- ACTIVITY
Transcribe exactly, please, the line bearing "Кроссовки Женские Зима" and all later lines through the end of the records, with the pictures left out.

- RECORDS SUPPLIED

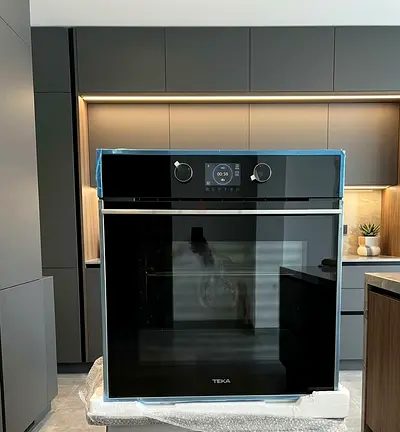 Teka Built-In Electric Oven – New Condition | Unused Piece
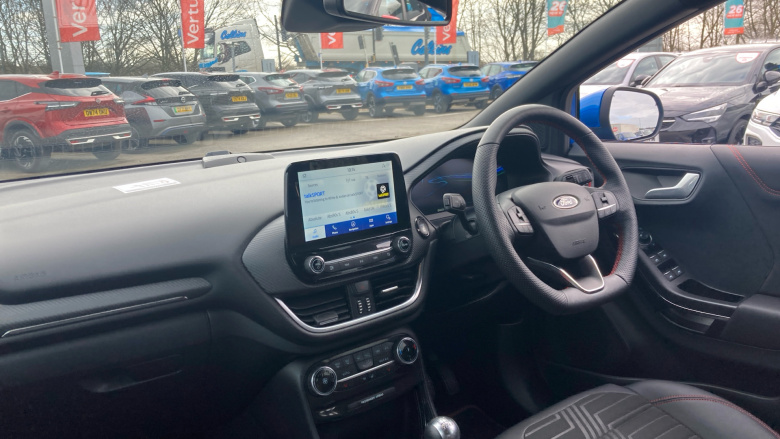 Ford Puma 1.0 EcoBoost Hybrid mHEV 155 ST-Line X 5dr Petrol Hatchback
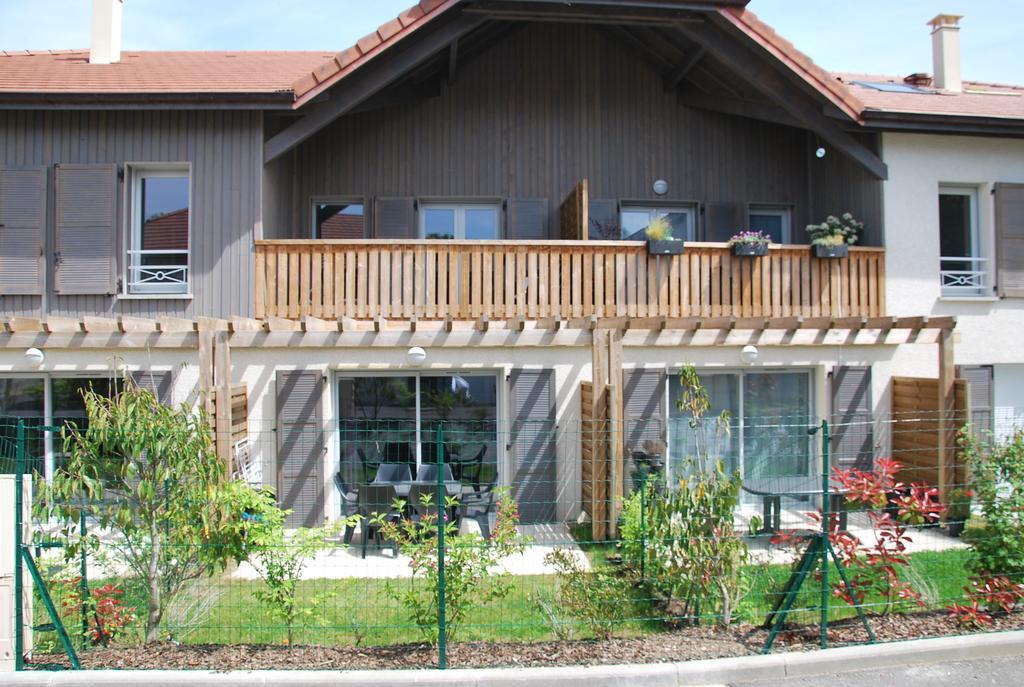Villa Catalina Annecy Bagian luar foto
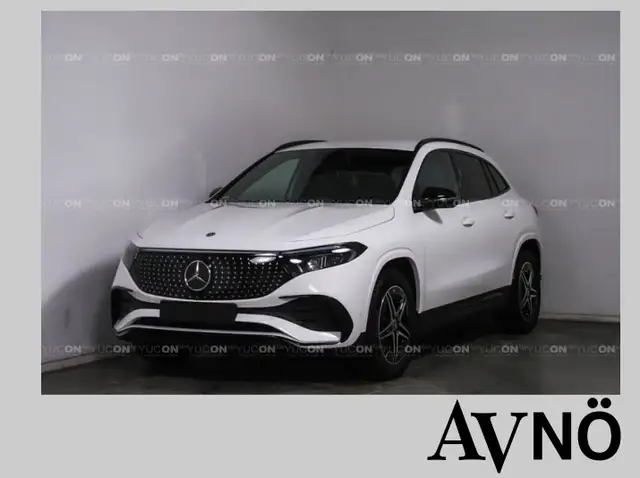 Mercedes-Benz EQA 350 4M AMG LINE DISTRONIC LENKRADHEIZUNG LED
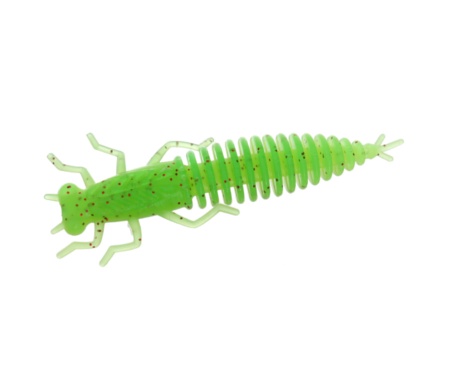 Німфа Flagman Tonbo 2" #1527 Lime/Lime Chartreuse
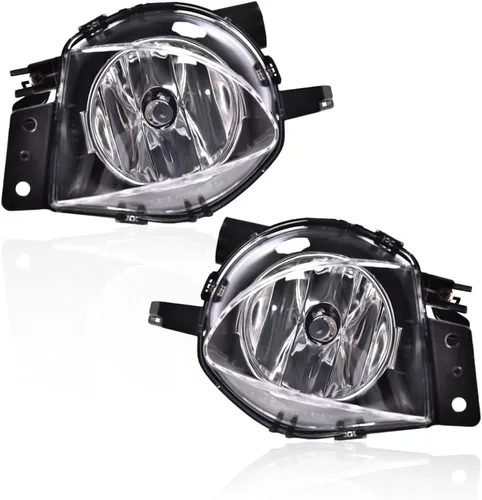 Miniatura 10 de PIT66 Luz antiniebla, compatible con BMW F30 Serie 3 Sedan 320i 325i 328i 335i 335i 428i 428i 435i 428i 435i conjunto de lámpara antiniebla lado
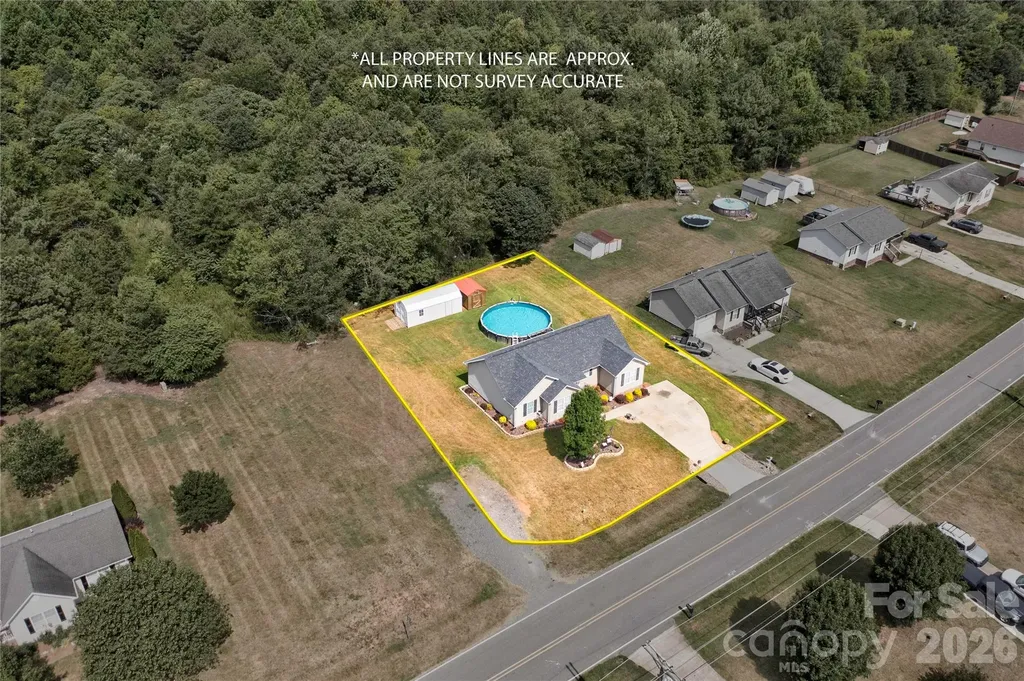 201 Black Rock School Road Cherryville NC 28021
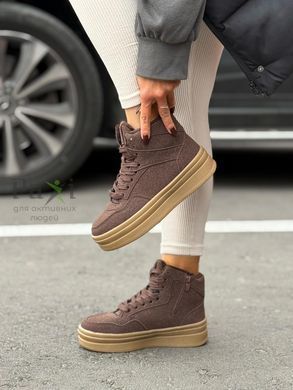 Кроссовки Женские Зима WT0163 WA140-2R p.36 23,5 ST-3854036 фото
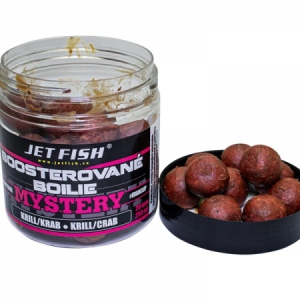 Boostrované boilies Jet Fish Mystery 20mm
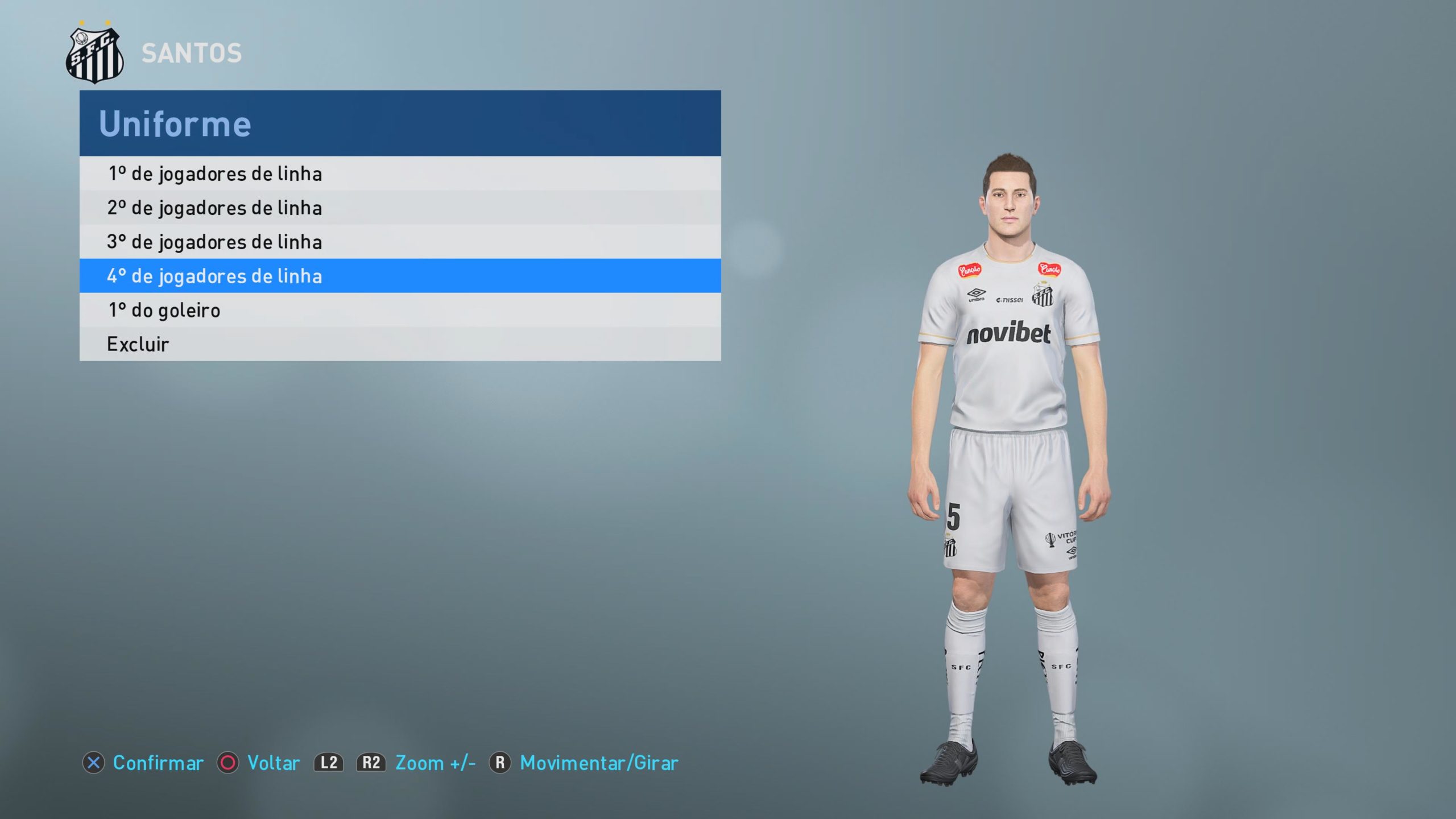 PATCH PES 2019 PS4/PS5 – Versão 2026 - Imagem 12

- OUTPUT
 Кроссовки Женские Зима WT0163 WA140-2R p.36 23,5 ST-3854036 фото
 Boostrované boilies Jet Fish Mystery 20mm
 PATCH PES 2019 PS4/PS5 – Versão 2026 - Imagem 12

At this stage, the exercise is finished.